RUINS – Alone
On connaît le Japon comme une terre d’aventure et d’originalité profonde. Les Japonais ont toujours eu le chic pour prendre tout le monde par surprise, et je ne parle pas seulement de Pearl Harbor. En matière de musique rock, des groupes japonais ont semé la perplexité dès le début des années 70 (Flower Travellin’ Band, Kimio Mizutani, Strawberry Path…) et ont continué leurs exploits dans les années 90 et 2000 (les insensés d’Acid Mother Temple, par exemple). Un des personnages clés de cette scène underground nipponne est Tatsuya Yoshida, un batteur excentrique en avance de trois générations sur son époque et qui a commencé à faire parler de lui au milieu des années 80 avec son projet Ruins.
Ruins est un monde indescriptible. Yoshida en est le batteur, concepteur, gourou, visionnaire, magicien, manipulateur et maître total. Il monte ce projet en 1985 dans l’espoir d’en faire un power trio. Il lui faut donc un bassiste, qu’il trouve, et un guitariste, qui ne se pointera jamais aux répétitions. Qu’importe, le trio devient duo et s’enfonce dans une musique expérimentale qui est au rock progressif ce que le canon laser est à la bombarde : un truc hallucinant, avant-gardiste à fond, ultra-technique et hanté par une folie créatrice irrépressible. Durant la vingtaine d’années d’existence de Ruins, quatre bassistes se succèdent : Hideki Kawamoto, Kazuyoshi Kimoto, Ryuichi Masuda et enfin Hisashi Sasaki. Les albums s’insinuent également dans le monde moderne, avec une chance quasi nulle de faire un impact commercial : « Ruins » (le premier EP de 1986), « Ruins II » (1987), « Ruins III » (1988), « Stonehenge » (1990), « Burning stone » (1992), « Graviyaunosch » (1993), « Hyderomastgroningem » (1995), « Refusal fossil » et « Vrresto » (1998, les albums les plus emblématiques), « Symphonica » (1998), « Pallashtom » (2000) ou « Tzomborgha » (2002).
Ruins n’est pas le seul projet dans lequel Tatsuya Yoshida est actif. Il s’implique dans une vingtaine de groupes tout au long de sa carrière. Son jeu de batterie est phénoménal, usant de la polyrythmie à outrance et repoussant cette technique complexe dans des espaces encore insoupçonnés. On reconnaît des influences classiques chez ce monsieur : Emerson, Lake & Palmer et surtout le Magma de Christian Vander, qui reste l’influence principale avec un jeu de batterie tentaculaire, rapide et furieux, couplé à des paroles dans une langue inconnue qui rappelle le fameux Kobaïen utilisé dans Magma.

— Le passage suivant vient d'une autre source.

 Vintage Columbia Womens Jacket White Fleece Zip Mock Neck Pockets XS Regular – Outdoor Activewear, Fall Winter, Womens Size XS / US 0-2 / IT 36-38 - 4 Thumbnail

Yoshida avait mis fin à la carrière discographique de Ruins en 2004, se contentant de jouer sa musique sur scène en tant qu’artiste solo sous le nom de Ruins Alone, changeant de bassiste au gré des villes visitées. Ce n’est qu’en 2010 que Yoshida se décide à préparer un nouvel album de Ruins, qu’il baptise « Alone » et qui est sorti à la fin de l’année dernière. J’avertis tout de suite : réécoutez l’intégrale de Magma et de Frank Zappa, ainsi que les œuvres d’Acid Mother Temple avant d’aborder ce « Alone », car ça va secouer un peu les neurones du point de vue de la vision musicale. Yoshida propulse l’auditeur dans un accélérateur de particules sonores nerveuses et épileptiques. Une vingtaine de pièces courtes de une à trois minutes de durée s’abattent en rafales sur les tympans, avec une batterie démentielle qui concasse les rythmes en petits morceaux et les retourne dans tous les sens. Le chant outré et lyrique projette des onomatopées incompréhensibles, les ambiances sonores changent toutes les dix secondes, les structures mélodiques sont secouées comme un cow-boy sur le dos d’un taureau fou en plein rodéo. Frank Zappa ressemble à côté de ça à un chanteur de ballades napolitaines.
Archifou, inepte, incontrôlé et génial, cet album réinvente le progressif en lui donnant une dimension insensée, le baignant dans un jus technique ultra-concentré et le propulsant en même temps dans une dimension avant-gardiste qui semblait avoir disparu de la musique contemporaine. Une baffe énorme, mais pour comprendre tout ça, il vaut mieux avoir un permis de conduire une fusée intergalactique.
Le disque contient trois bonus, dont les amusants « Progrock » et « Hardrock » qui révèlent chacun un florilège des riffs prog et hard les plus classiques de l’histoire. Une excellente opportunité pour un blind test.